Instructions to follow: For the data that follows, print the line with "This way, you", the line with "Pancreatitis — Cullen", and all lines between them, exactly as they stand. Omit pictures and add nothing.

Task inputs section start

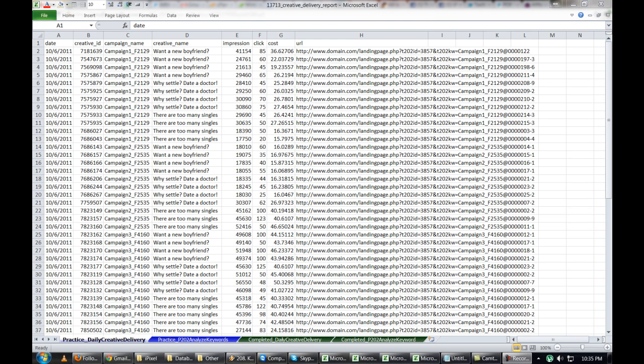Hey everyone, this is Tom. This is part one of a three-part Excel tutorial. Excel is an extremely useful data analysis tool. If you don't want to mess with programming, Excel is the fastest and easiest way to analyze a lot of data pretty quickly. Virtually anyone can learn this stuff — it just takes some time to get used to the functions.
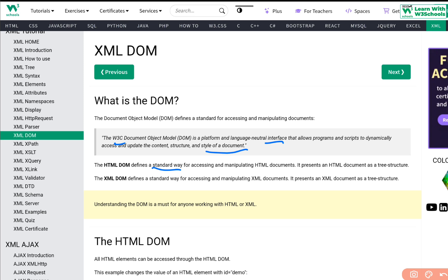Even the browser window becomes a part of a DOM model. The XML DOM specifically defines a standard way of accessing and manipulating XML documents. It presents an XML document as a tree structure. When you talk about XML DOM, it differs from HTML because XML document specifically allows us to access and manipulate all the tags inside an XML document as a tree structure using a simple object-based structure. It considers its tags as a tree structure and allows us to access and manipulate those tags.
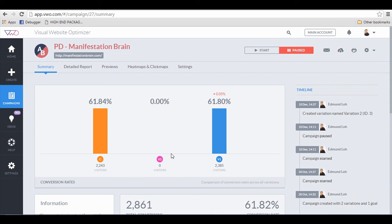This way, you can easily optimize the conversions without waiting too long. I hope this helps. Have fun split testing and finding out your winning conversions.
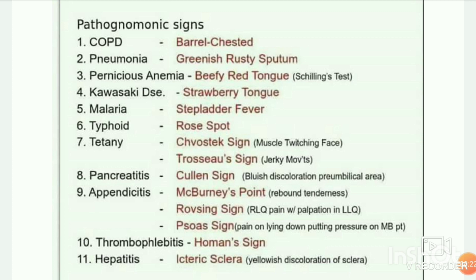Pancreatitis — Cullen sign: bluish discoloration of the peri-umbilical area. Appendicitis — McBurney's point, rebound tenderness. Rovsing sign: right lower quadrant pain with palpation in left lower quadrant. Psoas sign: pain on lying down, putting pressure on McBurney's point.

Task inputs section end
Task inputs section start

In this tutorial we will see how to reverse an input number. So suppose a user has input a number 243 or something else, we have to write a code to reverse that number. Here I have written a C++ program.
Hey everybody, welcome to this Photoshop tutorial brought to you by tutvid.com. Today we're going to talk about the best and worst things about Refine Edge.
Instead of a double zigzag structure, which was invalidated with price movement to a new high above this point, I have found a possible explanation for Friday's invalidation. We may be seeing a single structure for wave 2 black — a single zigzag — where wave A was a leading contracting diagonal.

Task inputs section end

Result:
This way, you can easily optimize the conversions without waiting too long. I hope this helps. Have fun split testing and finding out your winning conversions.
Pancreatitis — Cullen sign: bluish discoloration of the peri-umbilical area. Appendicitis — McBurney's point, rebound tenderness. Rovsing sign: right lower quadrant pain with palpation in left lower quadrant. Psoas sign: pain on lying down, putting pressure on McBurney's point.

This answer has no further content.